Stored dataset items
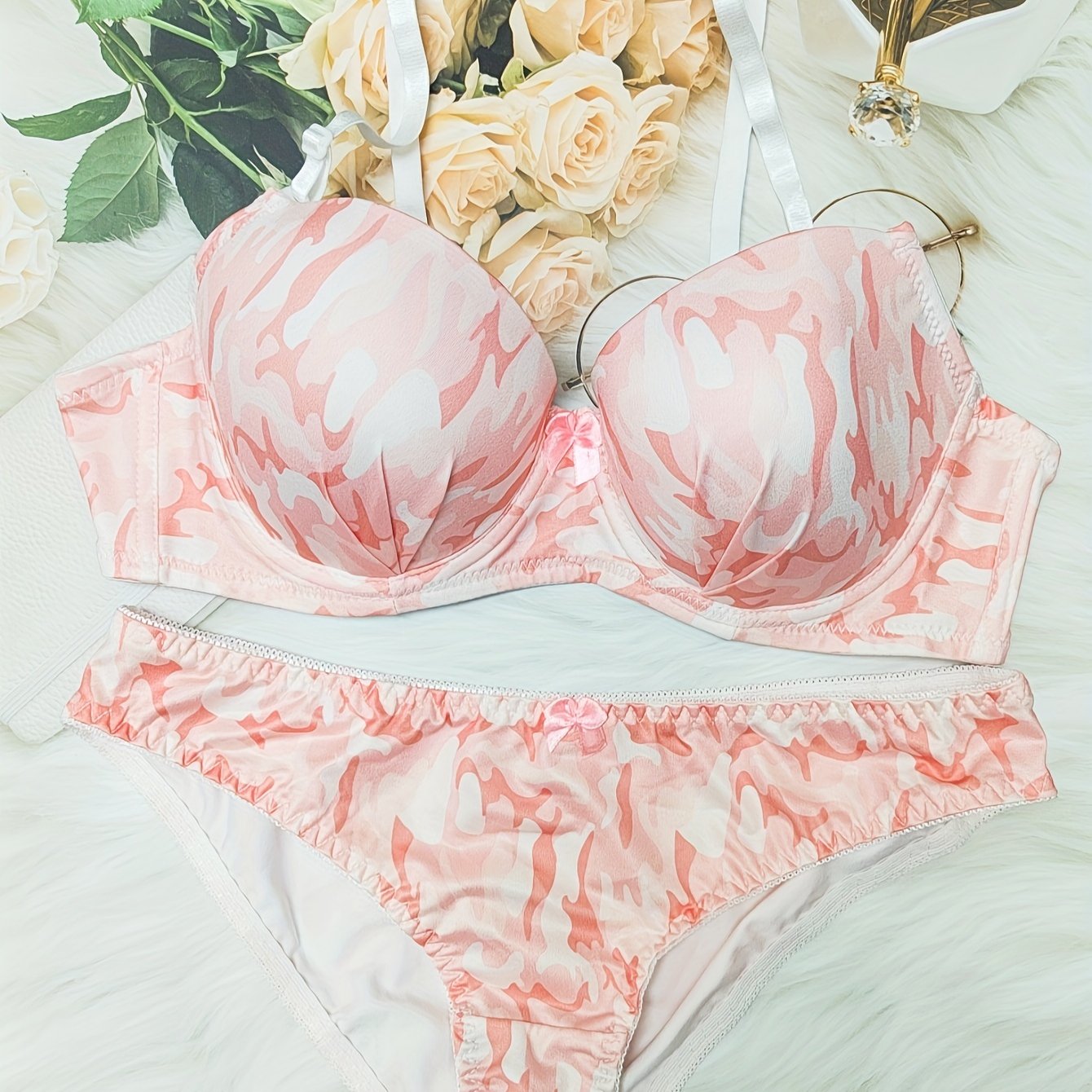 Colorblock Push Up Bra & Bow Tie Panties Set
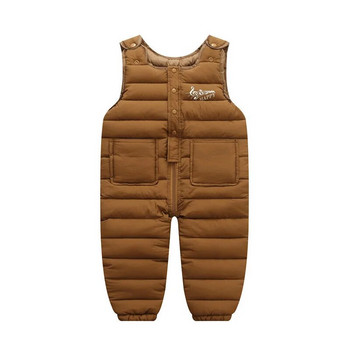 Пухени панталони за малки момчета Топли удебелени зимни панталони с пух за бебета и момичета Бебешки пухени гащеризони Детски дрехи Детски гащеризони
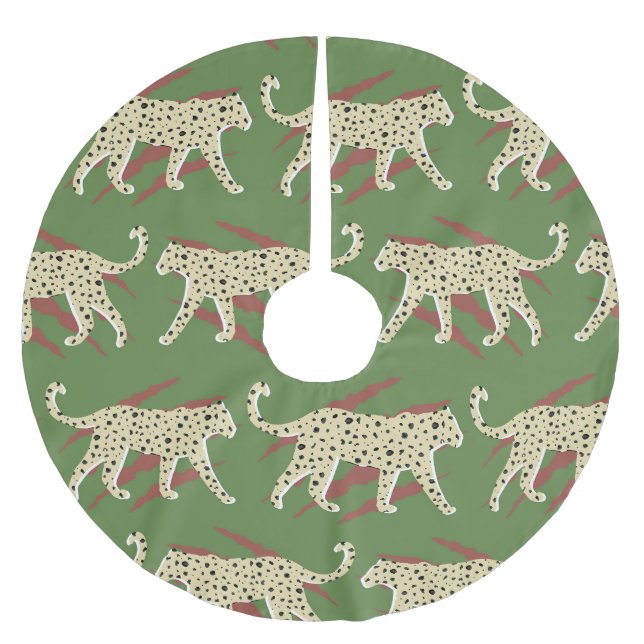 Wild Brushstrokes: Leopard in Repetition Brushed Polyester Tree Skirt (Front)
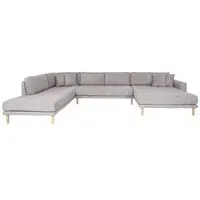 Lido U-Shaped Sofa Open End with Natural Legs - Light Grey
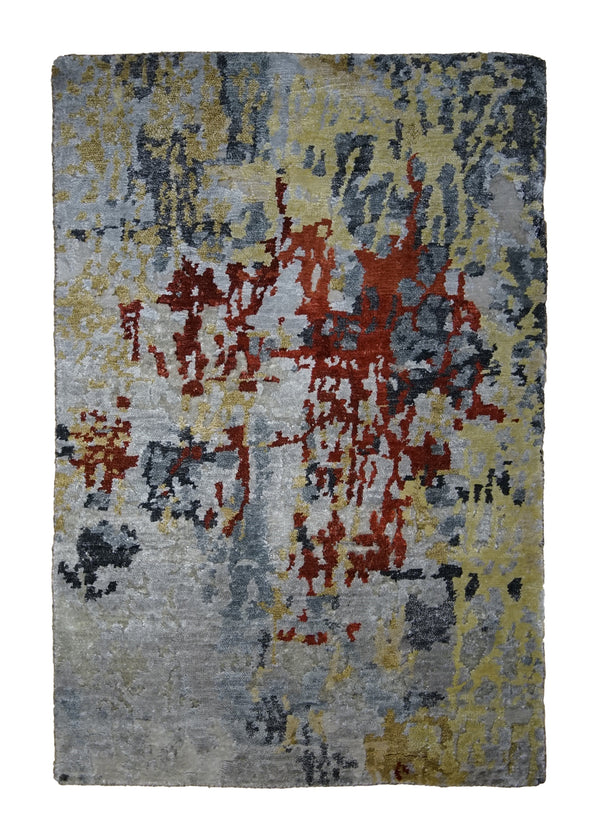 A31356 Oriental Rug Indian Handmade Area Modern 2'0'' x 3'0'' -2x3- Whites Beige Red Yellow Gold Splatter Abstract Design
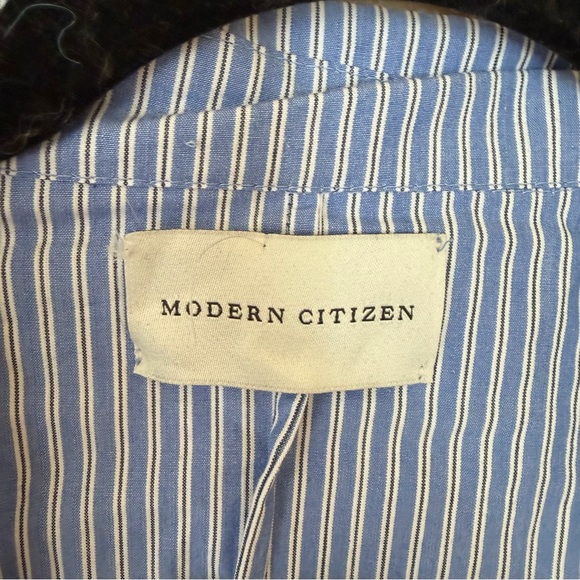 Modern Citizen Blue Striped Emma dress Open-Back Striped shirt mini M - Picture 7 of 9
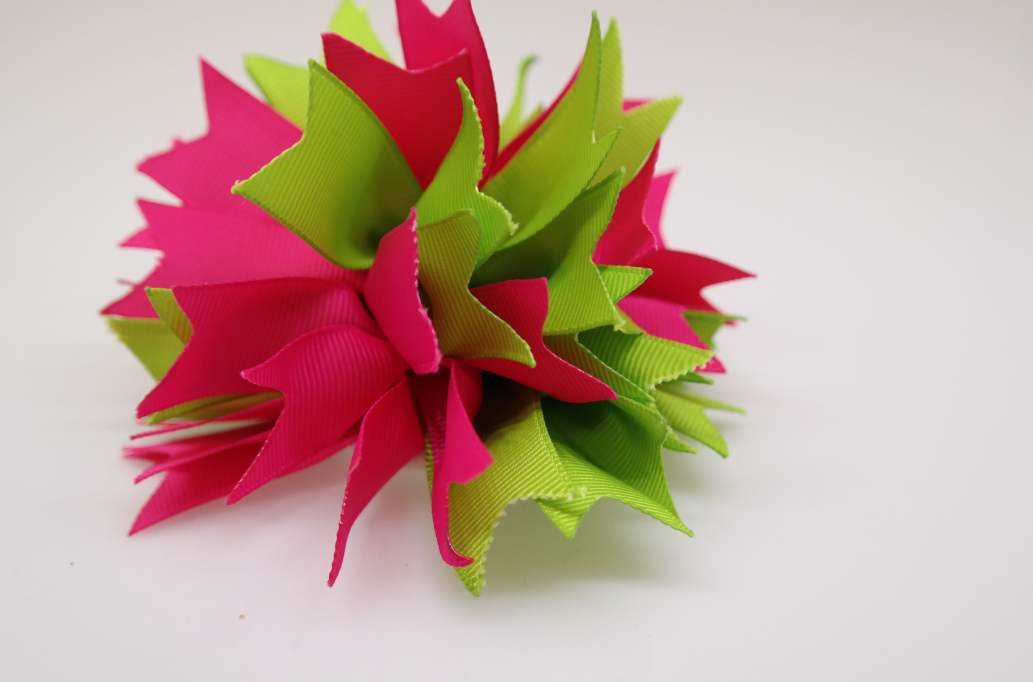 Small bowtique hair Bow with colors  Apple Green, Shocking PInk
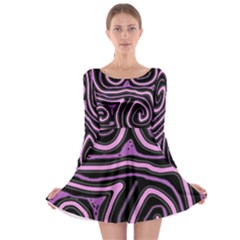 Purple Neon Lines Long Sleeve Skater Dress by Valentinaart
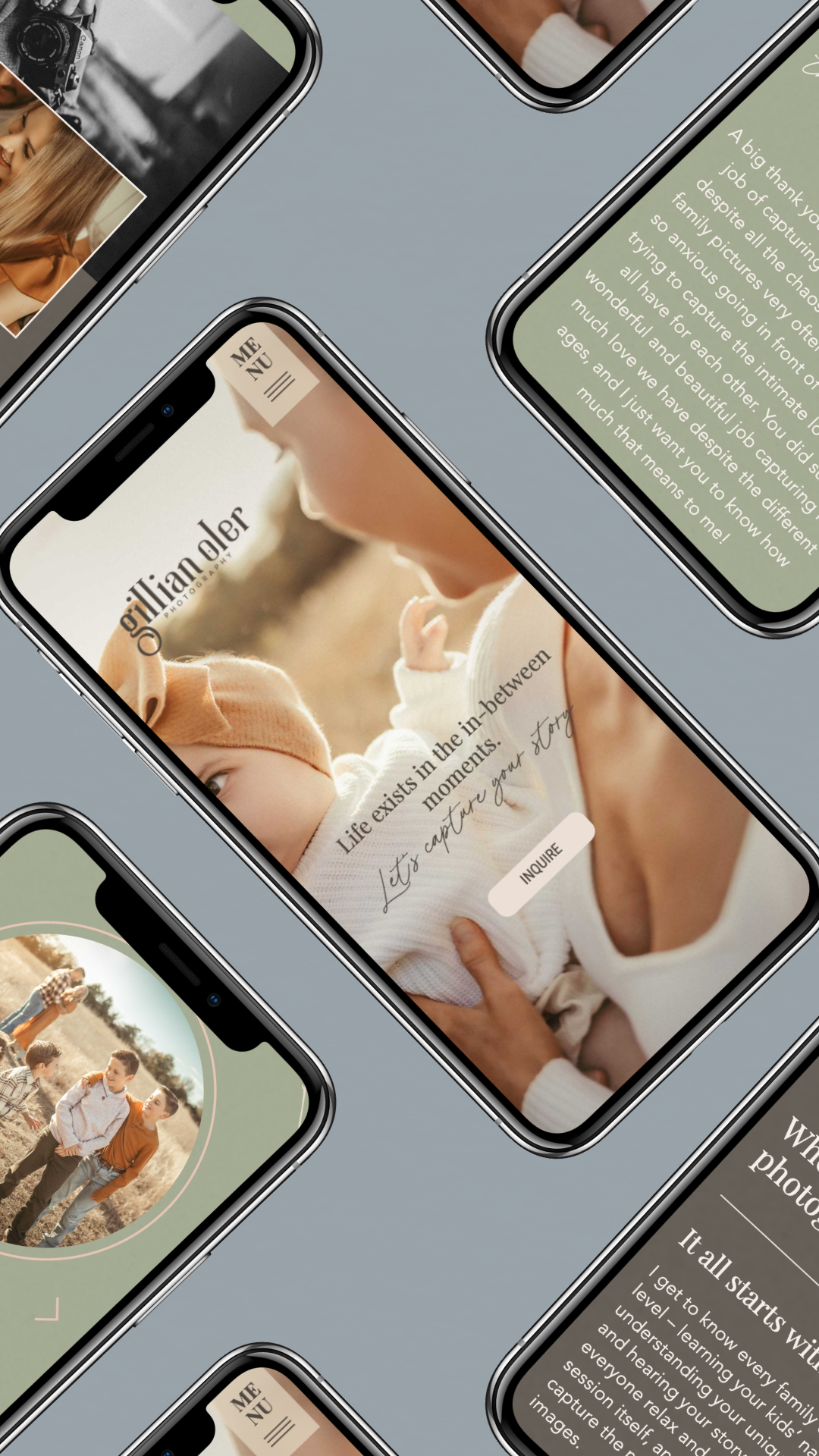 desktop view of website showit design for photographer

- **Brief**: From the line containing "Modern Citizen Blue" to the last line of the entries, output every line exactly as written, but leave out the pictures.

- **Completed exercise**:
 Modern Citizen Blue Striped Emma dress Open-Back Striped shirt mini M - Picture 7 of 9
 Small bowtique hair Bow with colors  Apple Green, Shocking PInk
 Purple Neon Lines Long Sleeve Skater Dress by Valentinaart
 desktop view of website showit design for photographer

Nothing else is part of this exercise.